SOURCE MATERIAL below:
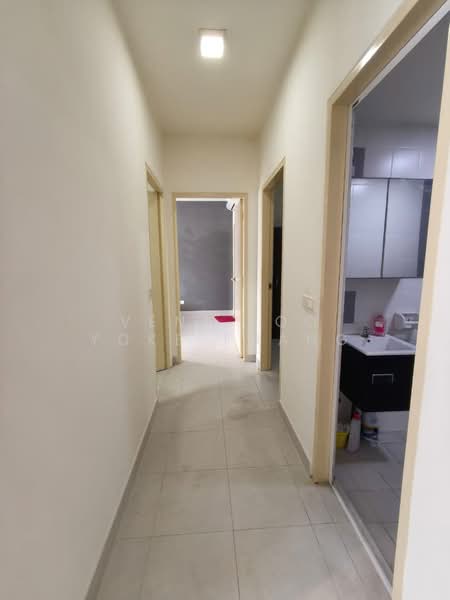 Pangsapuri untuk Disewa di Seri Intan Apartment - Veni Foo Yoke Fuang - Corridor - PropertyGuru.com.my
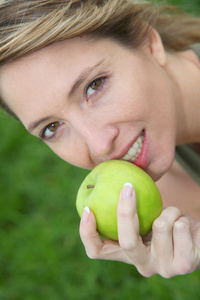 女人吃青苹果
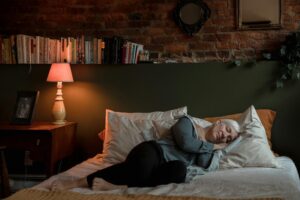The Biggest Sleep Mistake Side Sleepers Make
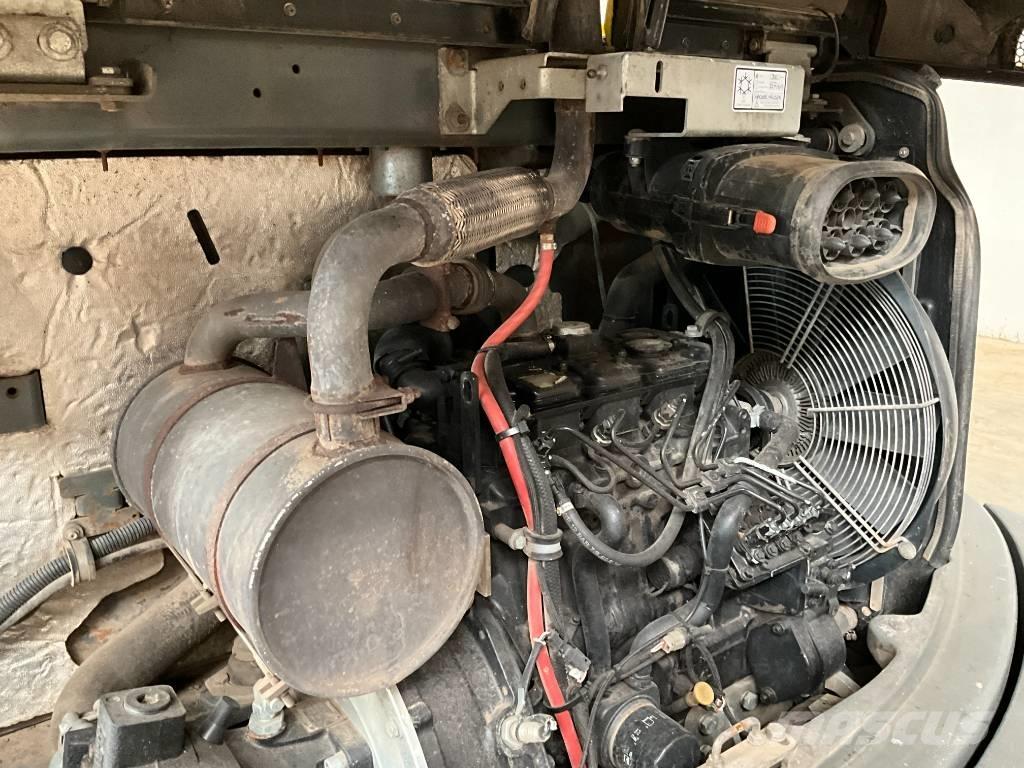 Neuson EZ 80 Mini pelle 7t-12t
End of SOURCE MATERIAL.
SOURCE MATERIAL below:
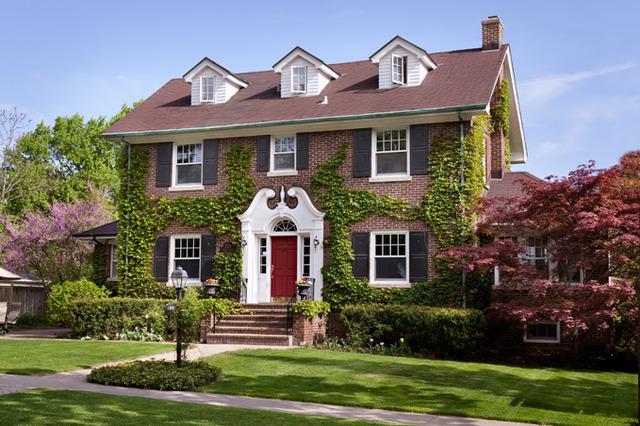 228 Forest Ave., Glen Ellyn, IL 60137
End of SOURCE MATERIAL.
WHAT YOU NEED TO DO » Taking the entries above, extract every line from the one bearing "The Biggest Sleep Mistake Side Sleepers Make" through the one bearing "Neuson EZ 80 Mini pelle 7t-12t", exactly, with no pictures.

RESPONSE AREA »
The Biggest Sleep Mistake Side Sleepers Make
 Neuson EZ 80 Mini pelle 7t-12t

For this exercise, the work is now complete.